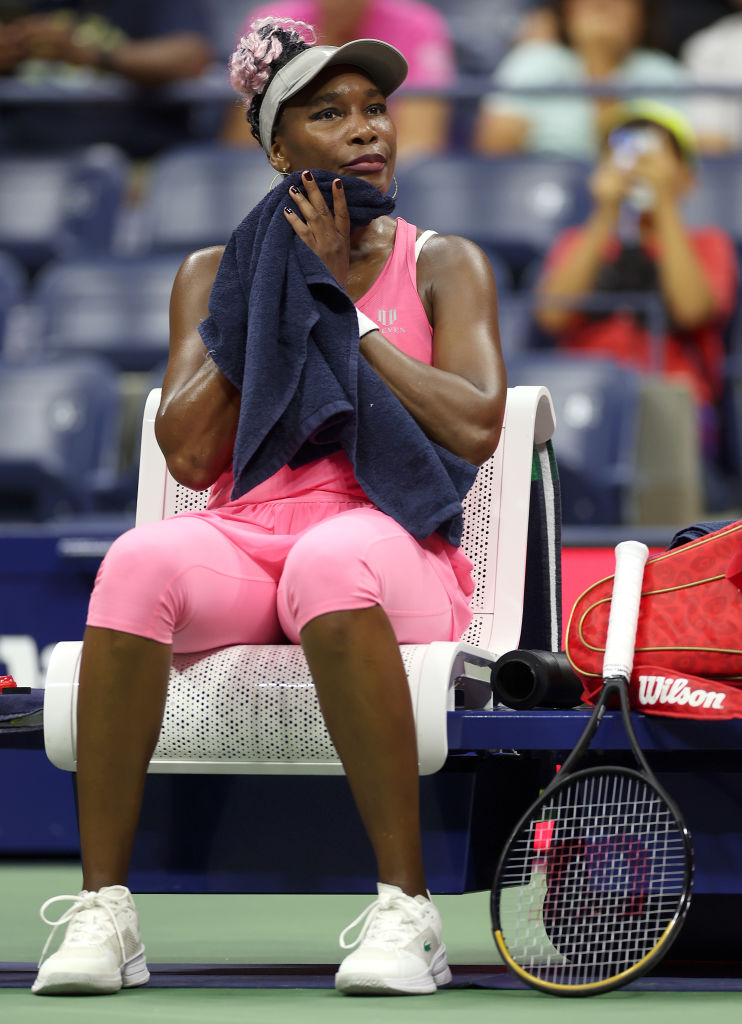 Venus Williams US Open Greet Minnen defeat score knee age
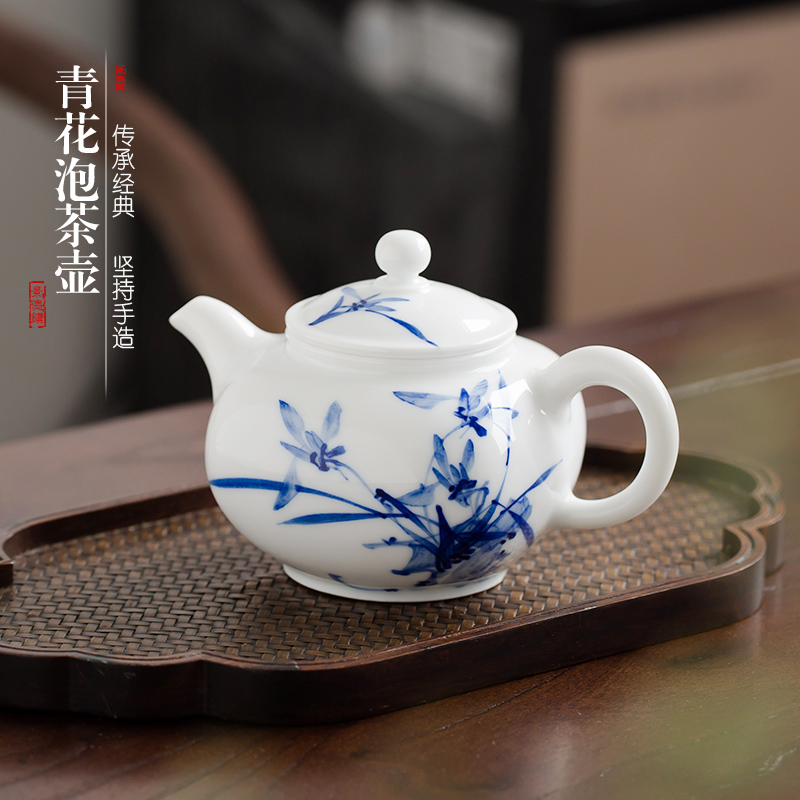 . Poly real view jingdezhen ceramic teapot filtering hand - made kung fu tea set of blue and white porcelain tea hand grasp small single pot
··········
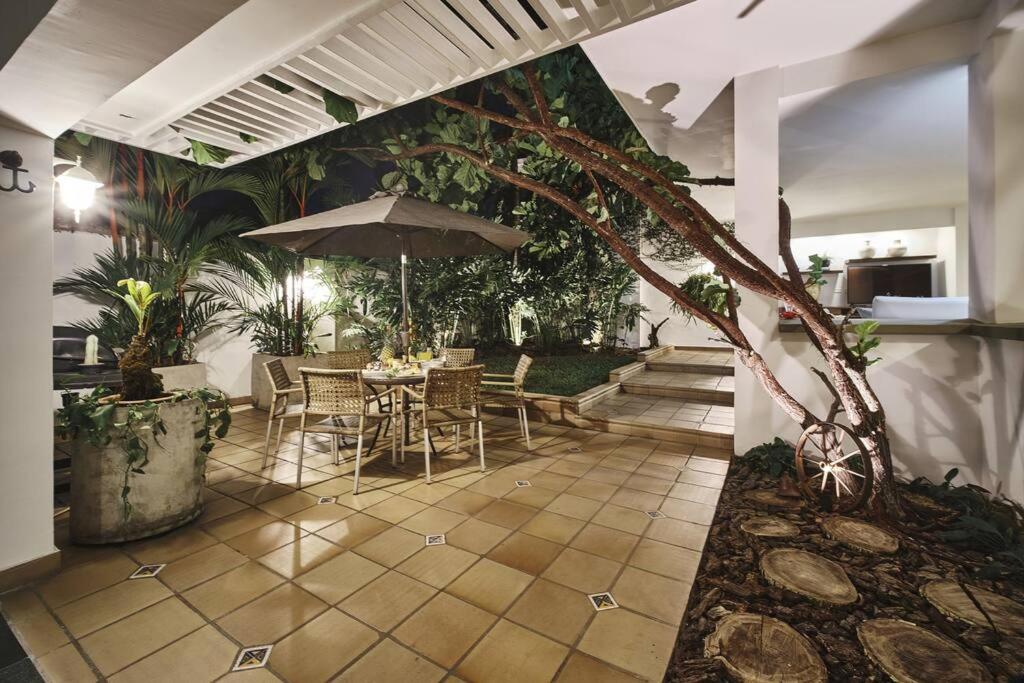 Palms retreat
··········
→ EXERCISE BRIEF
If a picture sits between the line containing "Venus Williams US" and the line containing "small single pot", leave it out, and return the lines of that range above exactly, both ends included.

→ YOUR SOLUTION
 Venus Williams US Open Greet Minnen defeat score knee age
 . Poly real view jingdezhen ceramic teapot filtering hand - made kung fu tea set of blue and white porcelain tea hand grasp small single pot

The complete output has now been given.